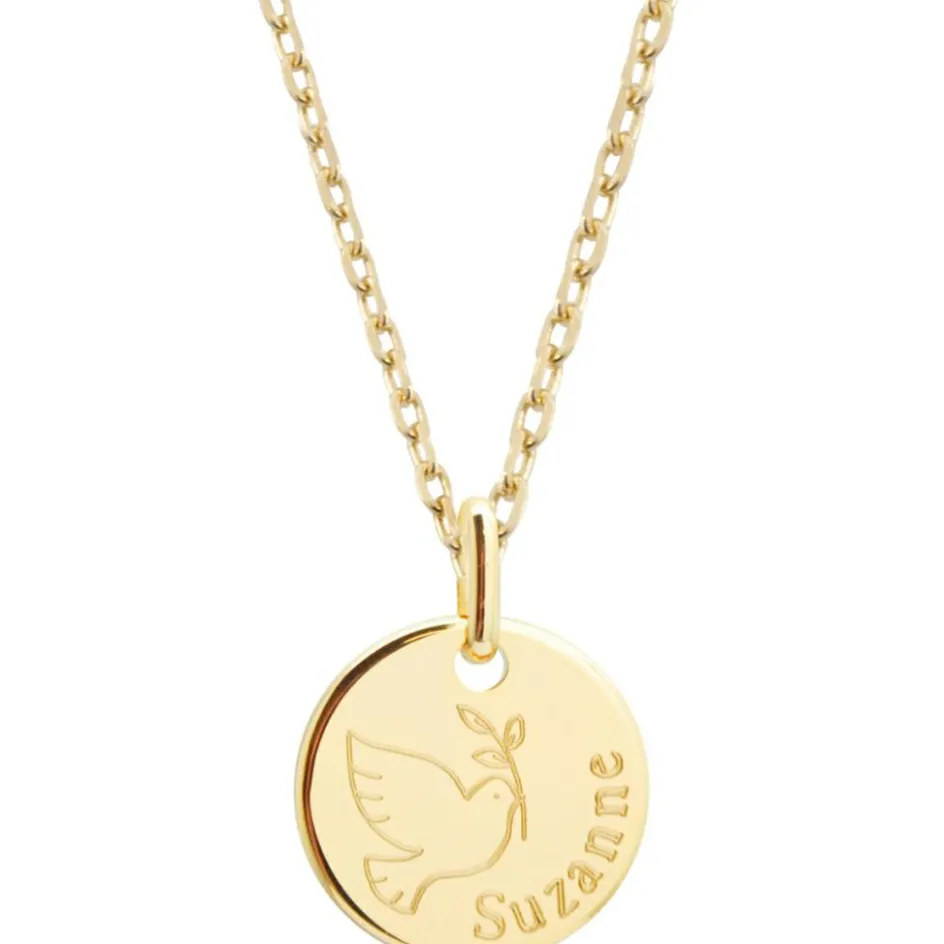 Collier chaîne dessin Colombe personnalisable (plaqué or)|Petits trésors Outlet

⁂

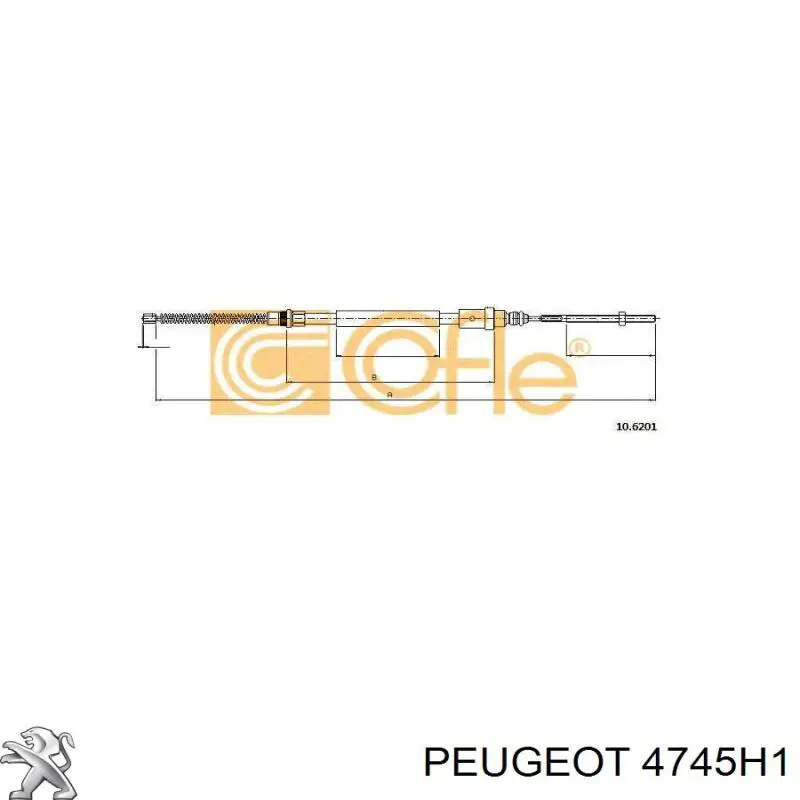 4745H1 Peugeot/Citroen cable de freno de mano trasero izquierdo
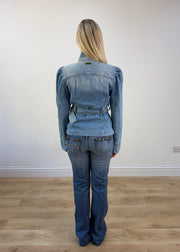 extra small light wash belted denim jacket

⁂

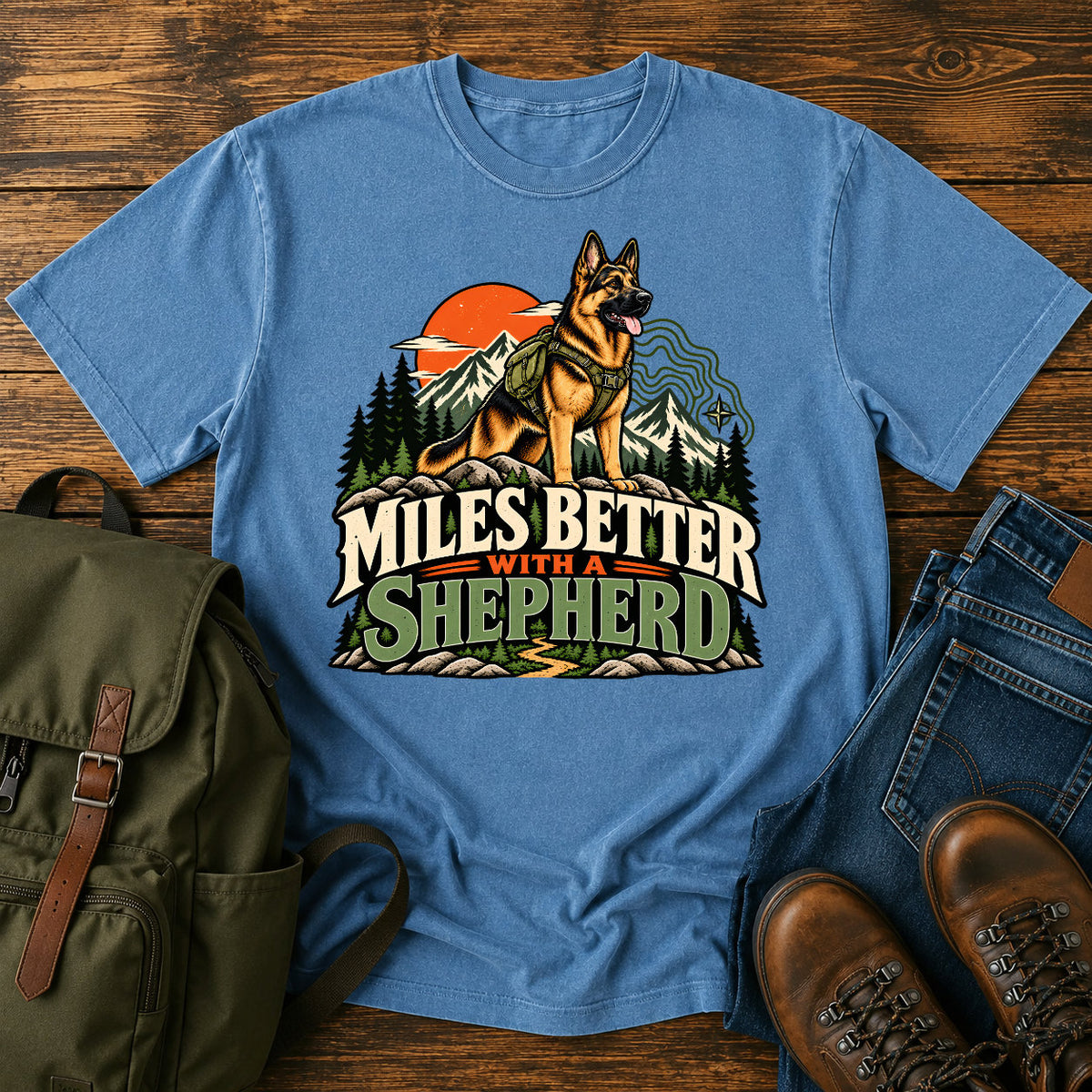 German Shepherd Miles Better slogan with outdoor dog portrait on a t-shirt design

⁂

With pictures excluded, reproduce exactly the lines above from the one containing "4745H1 Peugeot/Citroen cable" down to the one containing "extra small light wash belted denim jacket", those two included.

■ RESULT OF THE EXERCISE:
 4745H1 Peugeot/Citroen cable de freno de mano trasero izquierdo
 extra small light wash belted denim jacket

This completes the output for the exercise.